WHAT YOU NEED TO DO: With the pictures removed, retype the lines from the one holding "A Woman Sitting" through the end of the records, exactly as written.

AVAILABLE RECORDS:
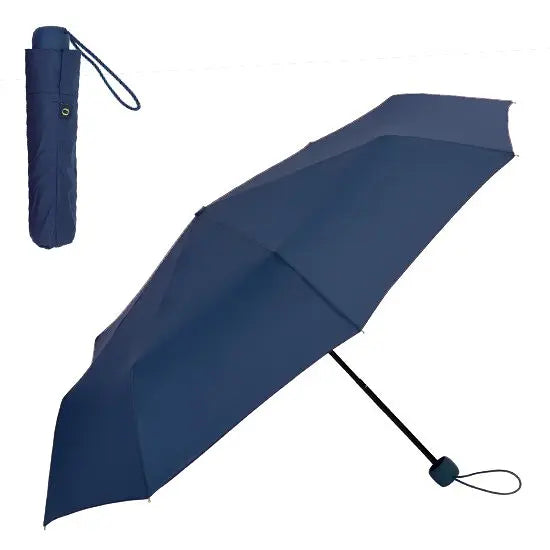 Olive Young Compact Navy Manual 3-Fold Umbrella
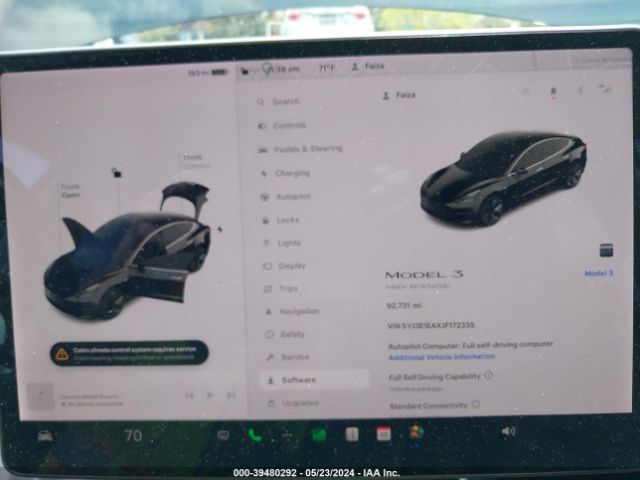 Photo 6 VIN: 5YJ3E1EAXJF172335 - TESLA MODEL 3 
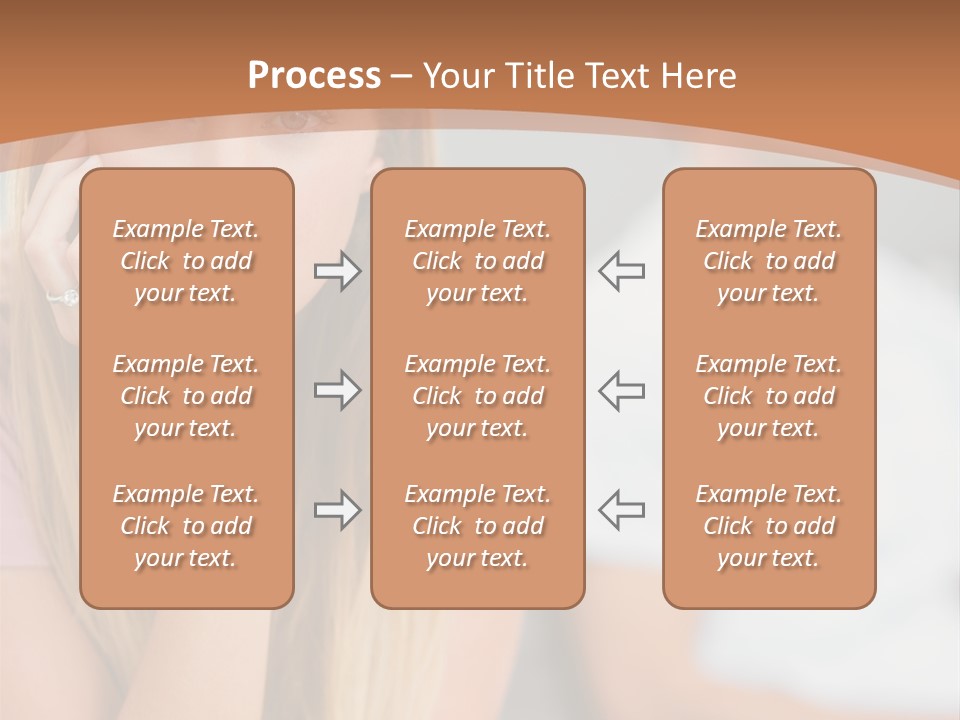 A Woman Sitting On A Couch Next To A Man PowerPoint Template
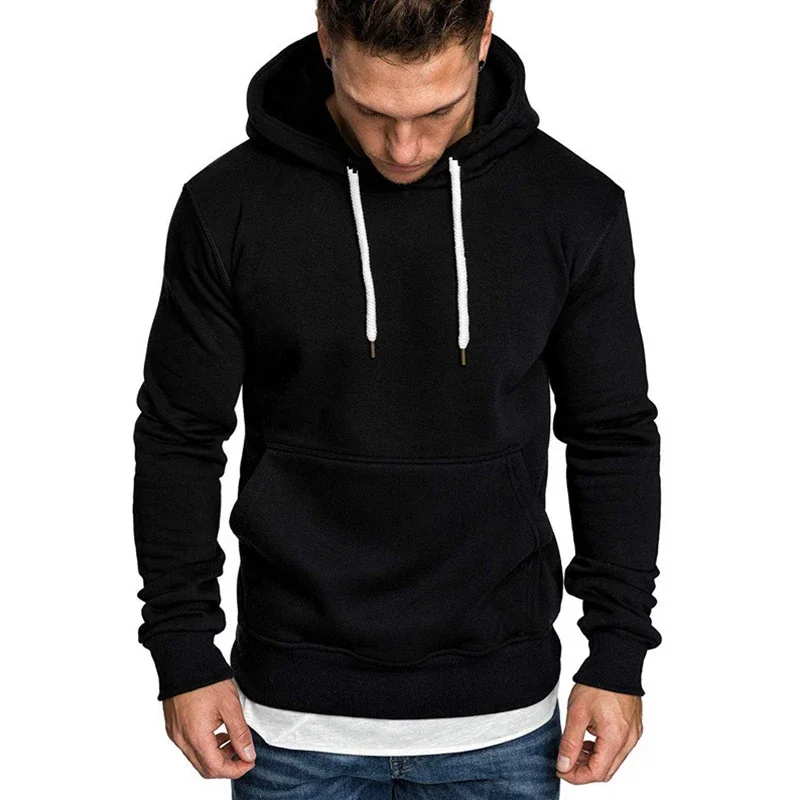 Autumn Long Sleeve Hoodies with Pocket Mens Solid Hoody Sweaters Casual Outdoors Fleece Running Sportswear
Autumn Long Sleeve Hoodies with Pocket Mens Solid Hoody Sweaters Casual Outdoors Fleece Running Sportswear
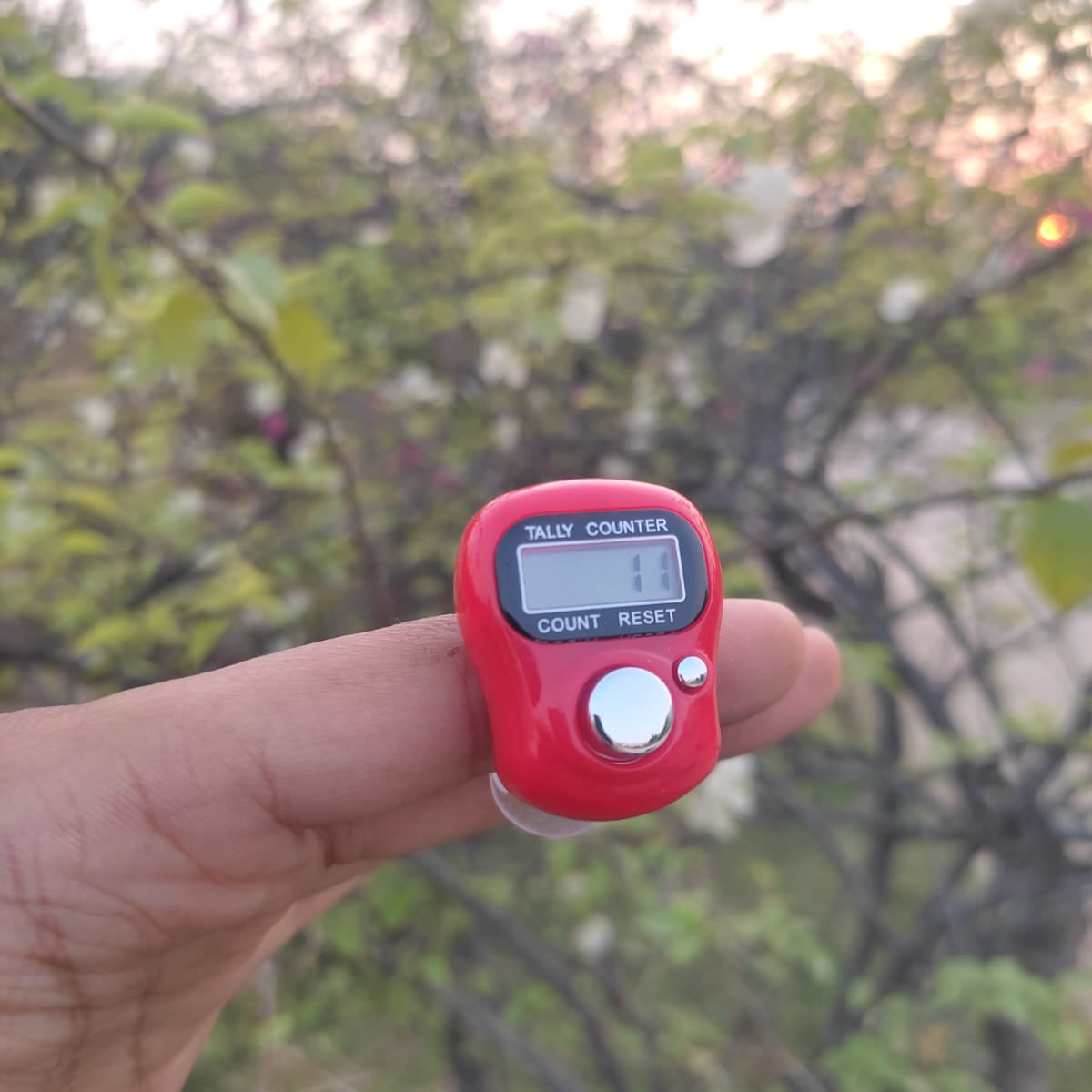 Portable Digital Finger Counter for Naam Jaap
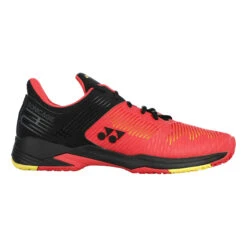 YONEX Power Cushion Sonicage 2 Sandplatzschuh Herren - Orange, Schwarz -Sportarten Tennis 01355000 0 1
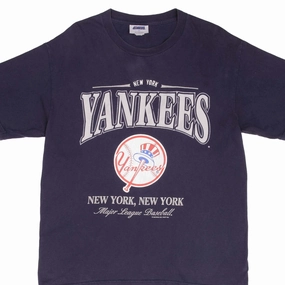 Daily Style VINTAGE MLB NEW YORK NY YANKEES TEE SHIRT 1999 SIZE LARGE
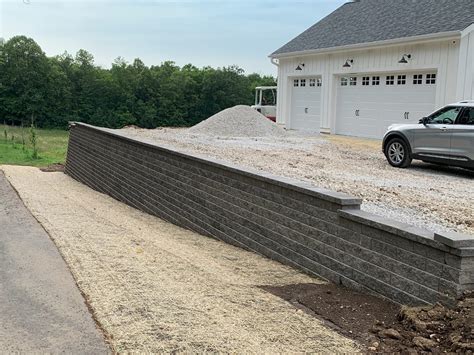 Driveway Boosting Retaining Wall Wirth Services Inc Germantown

YOUR SOLUTION:
 A Woman Sitting On A Couch Next To A Man PowerPoint Template
 Autumn Long Sleeve Hoodies with Pocket Mens Solid Hoody Sweaters Casual Outdoors Fleece Running Sportswear
Autumn Long Sleeve Hoodies with Pocket Mens Solid Hoody Sweaters Casual Outdoors Fleece Running Sportswear
 Portable Digital Finger Counter for Naam Jaap
 YONEX Power Cushion Sonicage 2 Sandplatzschuh Herren - Orange, Schwarz -Sportarten Tennis 01355000 0 1
 Daily Style VINTAGE MLB NEW YORK NY YANKEES TEE SHIRT 1999 SIZE LARGE
 Driveway Boosting Retaining Wall Wirth Services Inc Germantown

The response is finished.